She is in the midst of the grading equivalent of the Haitian earthquake. And, as a wise reader noted, papers suck the life right of you. Details, details, but 9 days from today, she will have read, internalized, commented on and graded 55 basic freshman comp research papers, 23 Gender Studies papers, 35 Contemporary Fiction papers, 70 research assignments, and 210 (approximately) online discussion posts.
Not that she's counting.
Part of the Matronly dilemma -- in addition to having an existential crisis that nobody but Boc seems to understand and that is why HE gets his picture on the blog -- is that her grading blitz coincides with an usually busy week of driving children. Meaning that when she should be busy whipping through essays, she's winding through traffic.
As usual, Scarlett offers herself up as the primary person in need of transportation. Thursday, the annual head shot session. Unfortunately, while an adult actor's photo may last for five years (if s/he is of durable skin and good teeth), children change yearly, thus requiring an update photo on that basis. This is a half day event. Today, she auditioned for a Disney sitcom. This, is a 20 minute event, taped in the agency and sent to Disneyland.
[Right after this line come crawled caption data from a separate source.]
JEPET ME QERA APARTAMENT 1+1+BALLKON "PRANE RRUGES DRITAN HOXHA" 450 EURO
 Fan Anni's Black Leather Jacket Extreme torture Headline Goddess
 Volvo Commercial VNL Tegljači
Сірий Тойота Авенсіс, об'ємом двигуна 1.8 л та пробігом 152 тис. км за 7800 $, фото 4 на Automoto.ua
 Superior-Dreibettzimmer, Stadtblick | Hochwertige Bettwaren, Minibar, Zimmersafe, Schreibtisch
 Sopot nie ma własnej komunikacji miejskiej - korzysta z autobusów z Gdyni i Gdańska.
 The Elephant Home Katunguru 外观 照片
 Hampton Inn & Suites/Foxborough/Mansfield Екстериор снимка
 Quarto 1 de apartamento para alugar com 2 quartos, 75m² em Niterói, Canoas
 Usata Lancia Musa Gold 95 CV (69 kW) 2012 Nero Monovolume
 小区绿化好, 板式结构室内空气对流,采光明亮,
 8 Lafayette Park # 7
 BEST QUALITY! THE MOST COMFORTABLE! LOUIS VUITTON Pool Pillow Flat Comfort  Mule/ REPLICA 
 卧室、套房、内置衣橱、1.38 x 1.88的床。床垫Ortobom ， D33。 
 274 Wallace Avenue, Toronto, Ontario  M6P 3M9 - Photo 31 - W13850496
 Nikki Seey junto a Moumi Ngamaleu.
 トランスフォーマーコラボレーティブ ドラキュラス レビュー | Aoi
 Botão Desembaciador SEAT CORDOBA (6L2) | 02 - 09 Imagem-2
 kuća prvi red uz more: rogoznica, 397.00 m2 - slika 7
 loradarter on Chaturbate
Should a parent let a child audition for a television show with the words Zombie and Cheerleader in the title? Let's just say this is not a rhetorical question.
But she did.
Then, there's all the driving for Mean. And the high tech Matron has actual moving human beings on her blog!! A video! The diva is the one with the glasses. The last week before opening night is tech week: long hours, high emotion, last minute changes. And PUH-LENTY of driving.
So . . . although the Matron wishes she could share a gem or two from her current crop of papers, as that would give this post a point, nothing pops out. Instead, she will leave you with her all time Favorite Student Sentence(s), submitted in a paper two years ago:
"The size of a human being depends on what size grain they eat. People in Norway eat long pasta and are big. Asians are small because they eat rice."
After pulling herself out from under her desk, the Matron simply asked the student: "You need to cite these facts with academic, peer-reviewed sources?"
What she wanted to say was: "What about couscous?"